**Pictures with short captions:**
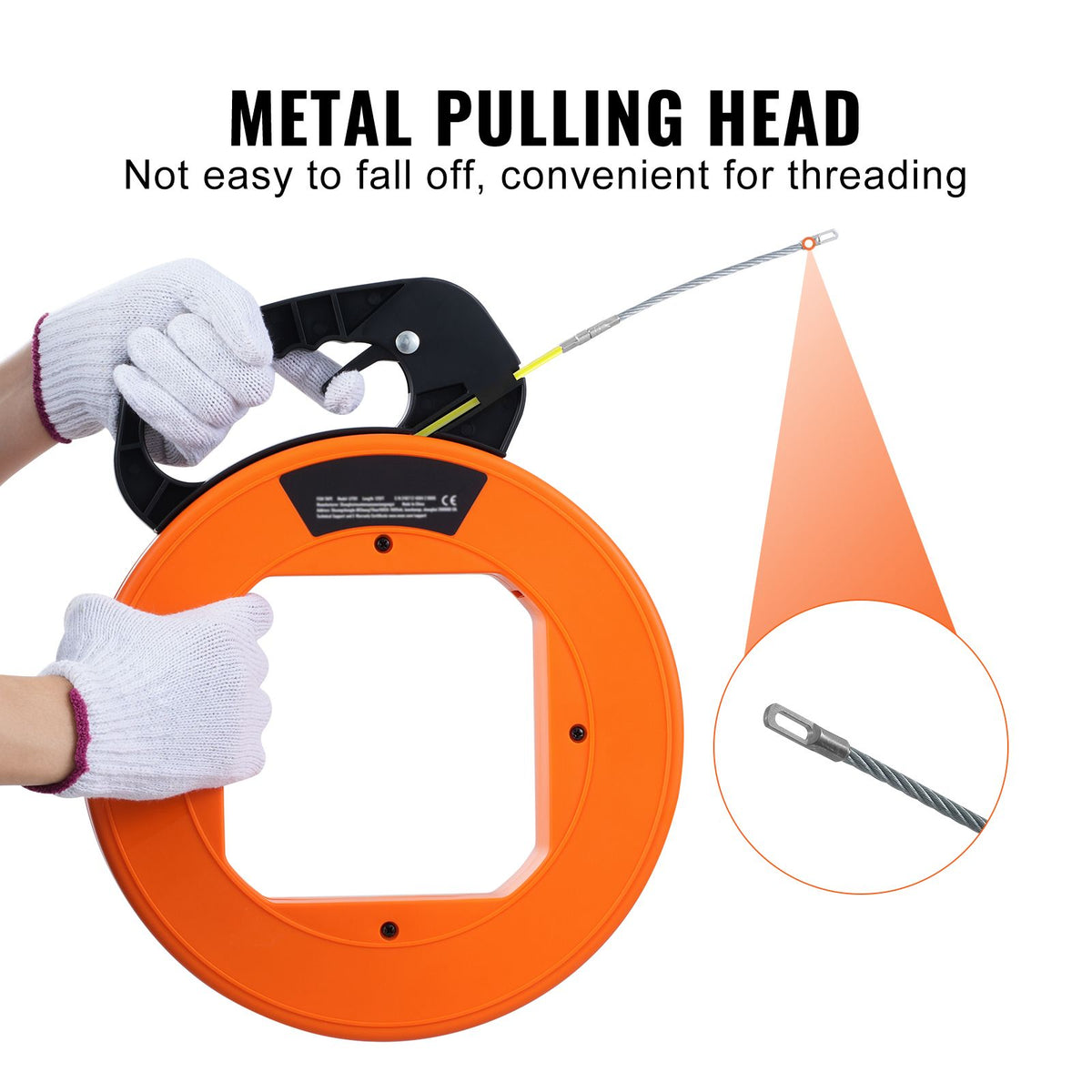 Fish Tape, 30.5 m, 4.2 mm, Fiberglass Wire Puller with Optimized Housing and Handle, Easy-to-Use Cable Puller Tool, Flexible Wire Fishing Tools for Wall and Electrical Conduit, Non-Conductive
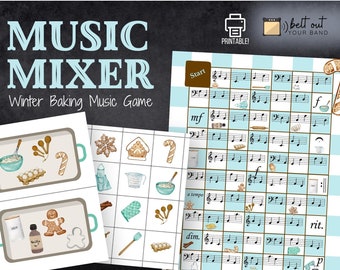May include: A printable "Music Mixer" game with a winter baking theme. The game includes sheet music, baking-themed illustrations, and the text "Music Mixer Winter Baking Music Game". The game is designed to be printed.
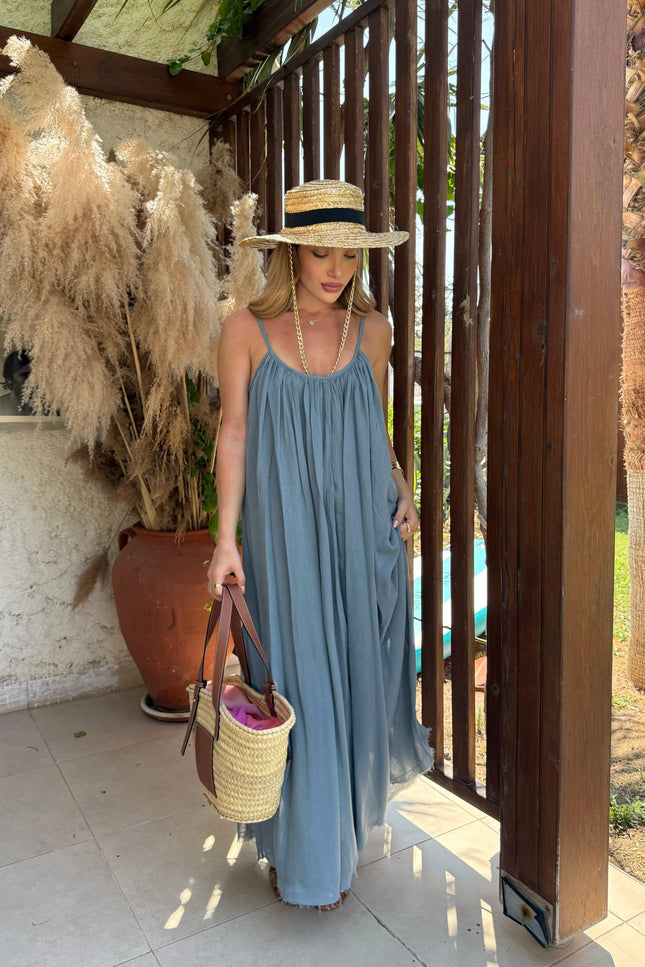 Melissa Strappy Ruched Natural Dress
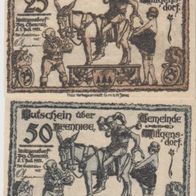 Wittgensdorf-Notgeld 25,50 Pfennig vom1.7.1921, 2 Scheine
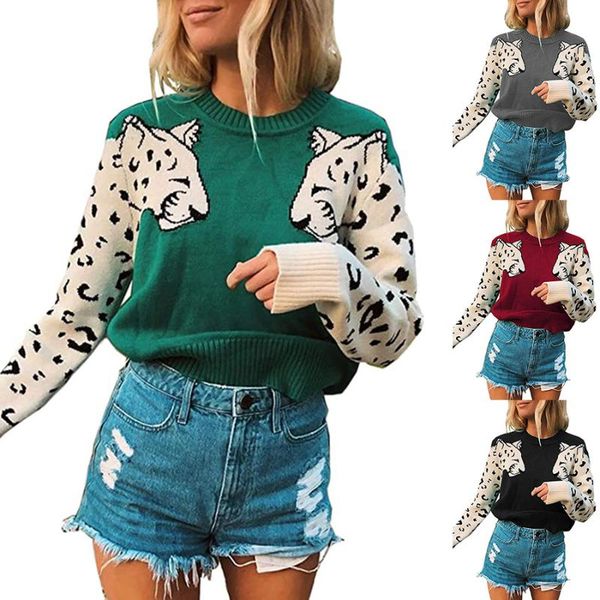 

women's sweaters autumn women round neck long sleeve knitted leopard print pullover sweater coats wdc9157, White;black
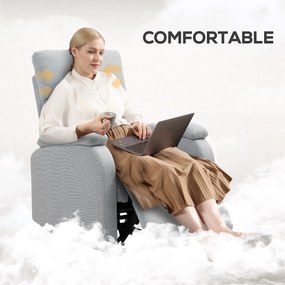 HOMCOM Fotel Relax z Regulowanym Oparciem i Podnóżkiem, Tapicerowany Fotel do Salonu, Szary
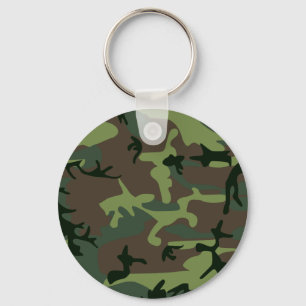 Camouflage Camo Green Brown Pattern Keychain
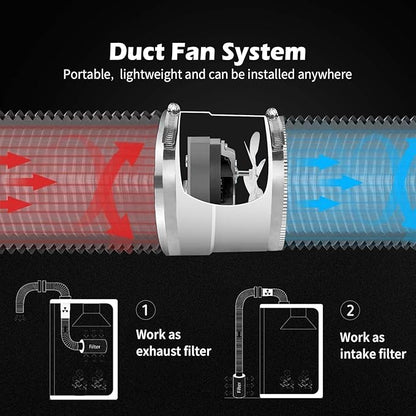 HUGOOME Inline Duct Fan 5 Inch Vent Booster, HVAC Exhaust Intake Fans 141 CFM - Image 4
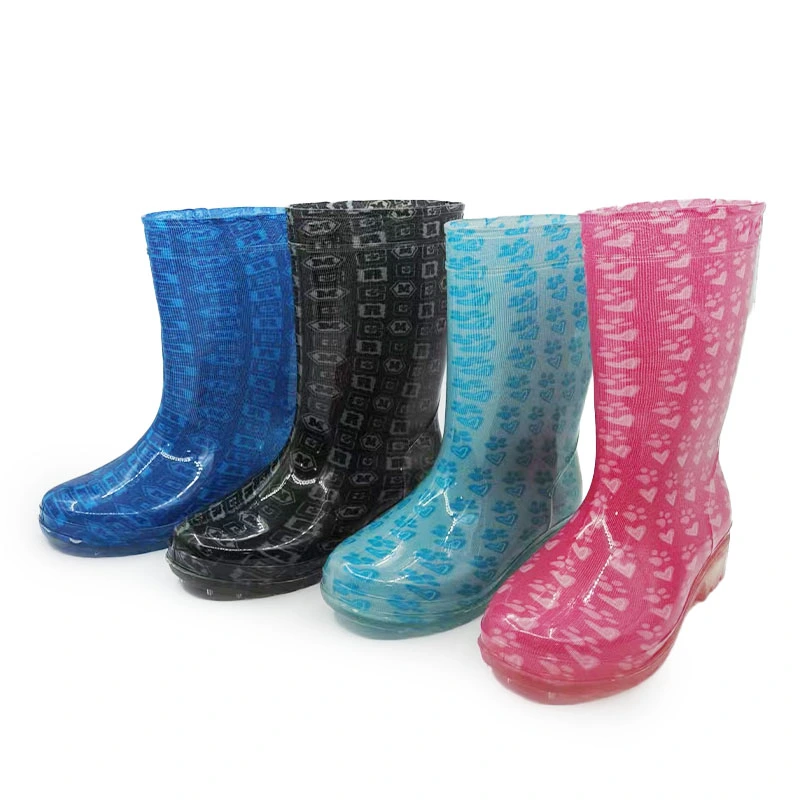 Footprints and heart print ransparent pvc rain boots for women kids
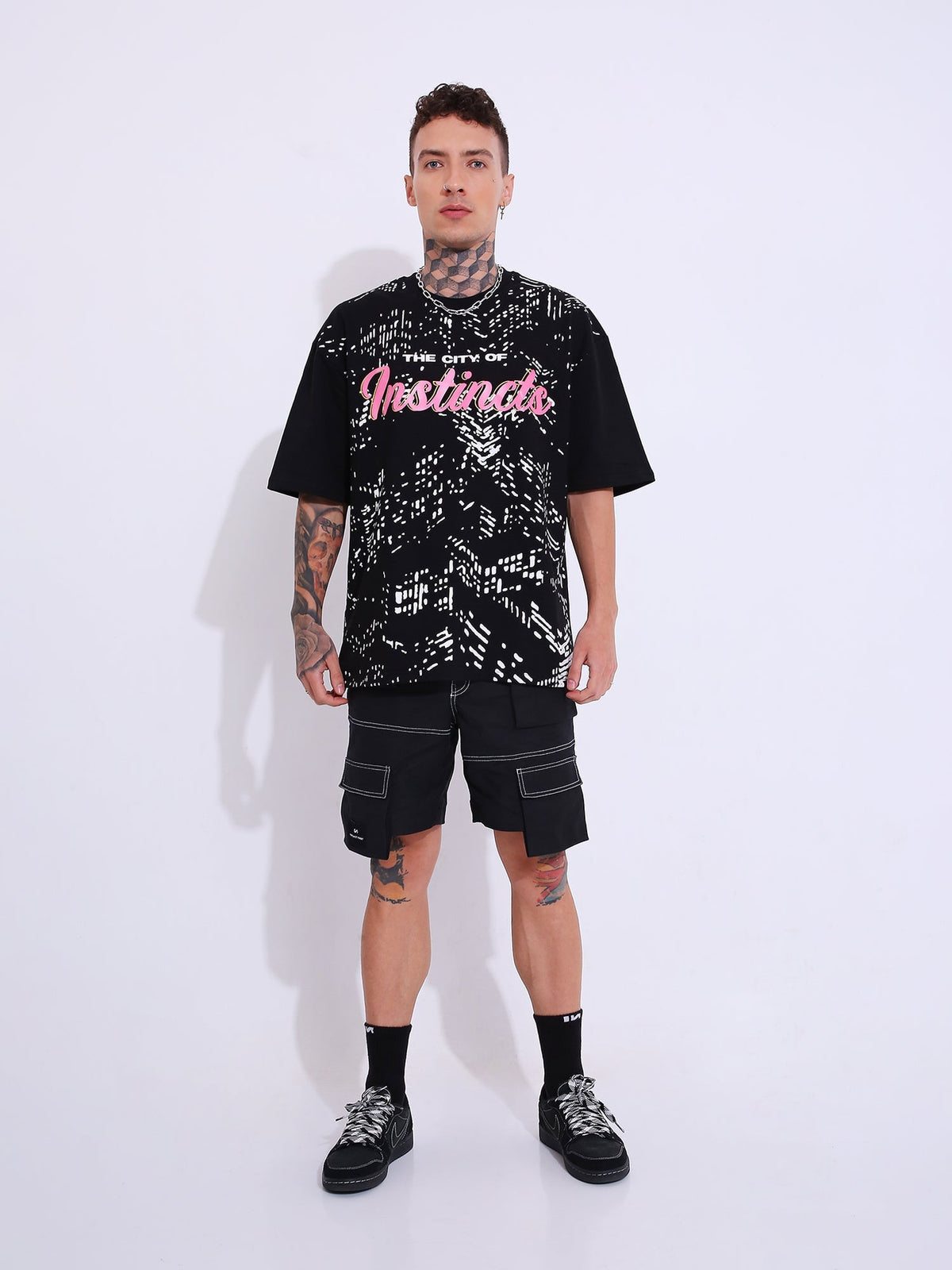 City Of Instincts - Oversized T-shirt (Black) by Instinct First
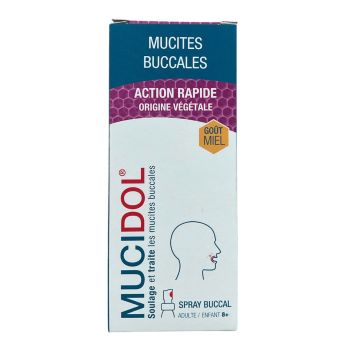 Mucidol spray mucites buccales go&ucirc;t miel PediAct - spray de 20ml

**Activity:** Every line of the data is to be transcribed exactly, and no picture is to be included.

**Completed task:**
 Fish Tape, 30.5 m, 4.2 mm, Fiberglass Wire Puller with Optimized Housing and Handle, Easy-to-Use Cable Puller Tool, Flexible Wire Fishing Tools for Wall and Electrical Conduit, Non-Conductive
May include: A printable "Music Mixer" game with a winter baking theme. The game includes sheet music, baking-themed illustrations, and the text "Music Mixer Winter Baking Music Game". The game is designed to be printed.
 Melissa Strappy Ruched Natural Dress
 Wittgensdorf-Notgeld 25,50 Pfennig vom1.7.1921, 2 Scheine

women's sweaters autumn women round neck long sleeve knitted leopard print pullover sweater coats wdc9157, White;black
 HOMCOM Fotel Relax z Regulowanym Oparciem i Podnóżkiem, Tapicerowany Fotel do Salonu, Szary
 Camouflage Camo Green Brown Pattern Keychain
 HUGOOME Inline Duct Fan 5 Inch Vent Booster, HVAC Exhaust Intake Fans 141 CFM - Image 4
 Footprints and heart print ransparent pvc rain boots for women kids
 City Of Instincts - Oversized T-shirt (Black) by Instinct First
 Mucidol spray mucites buccales go&ucirc;t miel PediAct - spray de 20ml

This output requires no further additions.